Da qualche tempo alla televisione appare un singolare annuncio pubblicitario. Si tratta di Venezia; si parla delle sue bellezze e alla fine si dice: se volete visitarla, prenotatevi. Come fosse un villaggio turistico, un albergo, o meglio, un museo. Paradossalmente l’annuncio dice il vero: perché se la città è diventata un museo, allora di prenotazione c’è bisogno, così come di pagarne l’ingresso. L’esempio sarà seguito da altre città? Per esempio Firenze e poi Roma o Napoli?

E A PROPOSITO di Roma, sono da tempo i corso i preparativi per il Giubileo della Speranza del 2025 e, anzi, la città avanza orgogliosamente la propria candidatura per l’Expò del 2030. Tutti sanno che il Giubileo è un anno speciale di grazia, in cui la Chiesa cattolica offre ai fedeli la possibilità di chiedere l’indulgenza plenaria, cioè la remissione dei peccati per se stessi o per parenti defunti. a qualche tempo la città non conosce sosta ai lavori preparatori, tanto che attraversarne il centro significa partecipare ad un vero e proprio corso di sopravvivenza: linee di autobus deviate, tempi di attesa alle fermate lunghissimi, interruzioni, cancellazione di corse, eccetera.

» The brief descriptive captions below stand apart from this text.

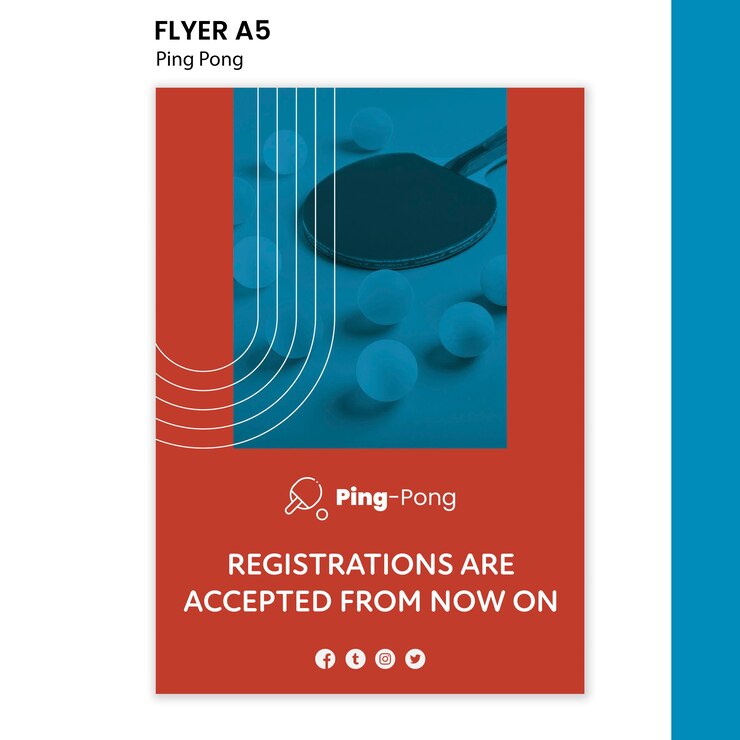 PSD gratuito modello di volantino concetto di ping pong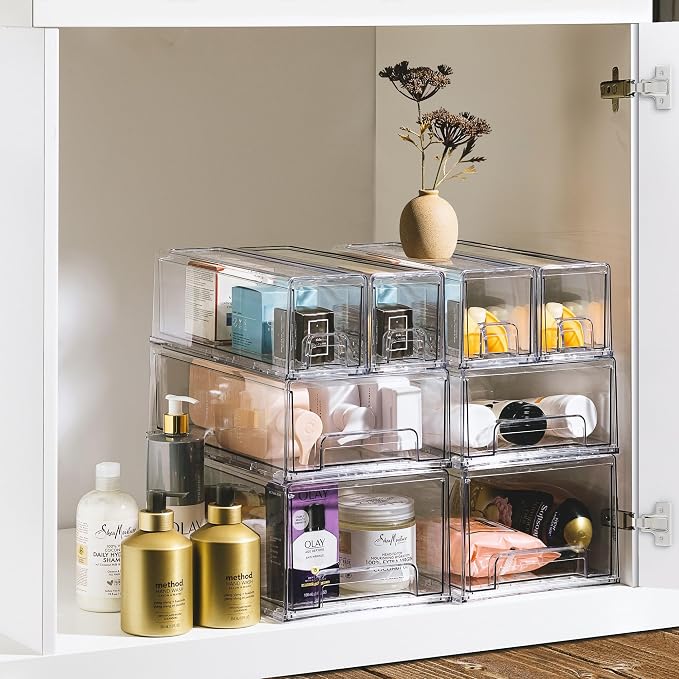 Sorbus Small Wide Clear Storage Drawers (2 Pack) – Stackable Storage Drawers for Pantry, Fridge, or Cabinet – Slide Out Clear Bins with Handles for Organizing - Image 6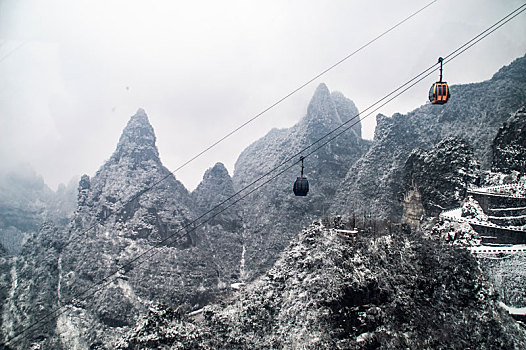 冰雪天天门山索道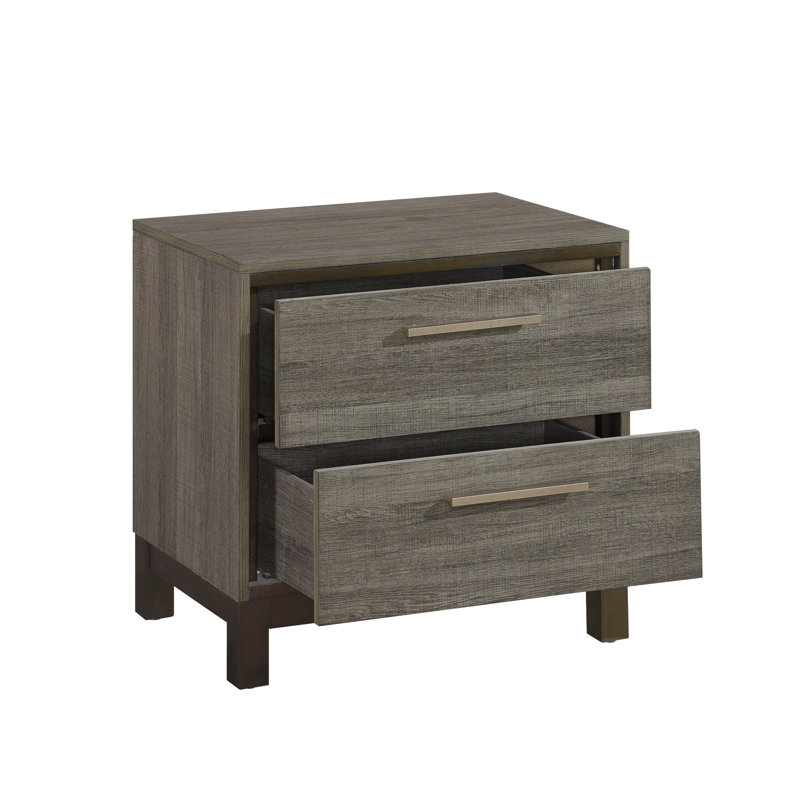 Table de bout Table de chevet moderne Table de chevet Table de chevet en bois massif, Gris antique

MOLTISSIMI I PROGETTI: dai parcheggi interrati e no (piazza Pia, per esempio), al nuovo porto di Fiumicino per accogliere le grandi navi crocieristiche (i partecipanti al Giubileo arriveranno anche via mare?). Ma ci sono altri cantieri: l’inceneritore a Santa Palomba, la cosiddetta Foresta Romana (Fo.Ro.) a piazza dei Navigatori, del solito archistar, con grattacieli green, i lavori per la metro C a piazza Venezia, quelli per il tram dalla stazione Termini a San Pietro e poi Aurelio, tante piste ciclabili, il nuovo stadio della Roma a Pietralata, la ristrutturazione della Vela di Calatava a Tor Vergata (residuo “bellico” di una vecchia amministrazione di sinistra) e infine il Progetto Fori “opportunamente” modificato rispetto all’idea originaria di Benevolo, Argan, Petroselli, e così tanto cemento sparso qua e là per l’immenso territorio urbano.

Il Giubileo della Speranza diventerà (certamente non secondo le intenzioni di Papa Francesco) il Giubileo della grande Rinascita della città. Ma quale città e quale rinascita? Quella degli albergatori, delle piattaforme airbnb, degli imprenditori, degli immobiliaristi (Il Messaggero pubblica quasi quotidianamente attacchi contro il Progetto Fori bollato come la Disneyland romana e contro i nuovi tram previsti), e poi degli sciami di turisti onnivori che, indifferenti, contempleranno l’Altare della Patria allo stesso modo della Cappella Sistina. Questo insieme di opere continueranno anche dopo la chiusura del Giubileo a dimostrazione che con quello evento poco o niente avevano a che fare. Esse costituiscono l’anima della cosiddetta Rigenerazione urbana e scommettiamo che le disuguaglianze urbane non si attenueranno, anzi aumenteranno, né le periferie ne godranno in alcun modo benefici.

RENATO NICOLINI, del quale quest’anno si celebra il decennale della morte, aveva coniato un termine: «il meraviglioso urbano» ad indicare un Progetto di città in continua trasformazione, ad esempio coniugando il basso con l’alto, ovvero il popolare con l’élite passando, attraverso il cinema: da Luchino Visconti al pianeta delle scimmie.

Allora Roma divenne «meravigliosa» connettendo la sua grande storia con il moderno, riscoprendo luoghi abbandonati o restituendo loro dignità: il Mattatoio, la Basilica di Massenzio, la spiaggia di Castelporziano (dove si tenne il Festival dei poeti). Un progetto di città in continua trasformazione, un laboratorio di idee, di eventi, di incontri, di piazze e strade trasformate, di notte, in uno spettacolo vivente. E la città cambiò volto; non più paura ad uscir di notte; dalle periferie lontane accorrevano giovani per godere della città rinata.

CONFRONTARE QUEL progetto con la situazione attuale è impietoso e non vale dire che «erano altri tempi», perché “quei tempi”, prima di Nicolini, erano bui e cupi, caratterizzati dalla paura e dal terrore. Il confronto tra quel Progetto e le opere di oggi frammentate e sparse per la città, rivela il vuoto di idee dei nostri tempi, la mancanza di una cultura del fare città, l’assenza progettuale. L’effimero è proprio questo (non quello di Renato Nicolini): passato il Giubileo, gli imbellettamenti della città perderanno il loro smalto e resteranno qua e là inutili rovine, ma quest’ultime, a differenza delle altre ben note, senza più alcuna storia.